Monday, August 18, 2008

Anansi Boys by Neil Gaiman

God is dead. Meet the kids.

When Fat Charlie's dad named something, it stuck. Like calling Fat Charlie "Fat Charlie." Even now, twenty years later, Charlie Nancy can't shake that name, one of the many embarrassing "gifts" his father bestowed -- before he dropped dead on a karaoke stage and ruined Fat Charlie's life.

Mr. Nancy left Fat Charlie things. Things like the tall, good-looking stranger who appears on Charlie's doorstep, who appears to be the brother he never knew. A brother as different from Charlie as night is from day, a brother who's going to show Charlie how to lighten up and have a little fun ... just like Dear Old Dad. And all of a sudden, life starts getting very interesting for Fat Charlie.

Because, you see, Charlie's dad wasn't just any dad. He was Anansi, a trickster god, the spider-god.

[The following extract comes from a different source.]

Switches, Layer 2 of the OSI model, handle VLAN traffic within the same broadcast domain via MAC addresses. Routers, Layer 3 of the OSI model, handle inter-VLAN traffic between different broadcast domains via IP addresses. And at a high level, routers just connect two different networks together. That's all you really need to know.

Anansi is the spirit of rebellion, able to overturn the social order, create wealth out of thin air, and baffle the devil. Some said he could cheat even Death himself.

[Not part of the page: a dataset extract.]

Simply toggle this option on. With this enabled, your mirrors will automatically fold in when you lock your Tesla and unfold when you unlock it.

Growing up Anansi was one of my favorite fictional characters in folk tales. He was so tricksy and got into so much trouble it was hilarious. When I saw this novel (I dom't remember where) I was extactic. I was even more extatic when I found out that my library had the audio book on file (this way my mom could enjoy it too). Reading Anansi Boys triggered so many memories of the Spider God I grew to love, overlooking his apparent love for mischief and mayhem. I was really pleased. Neil Gaiman, author of Stardust, another favorite of mine, did an awesome job incorporating the world of Anansi into modern day society.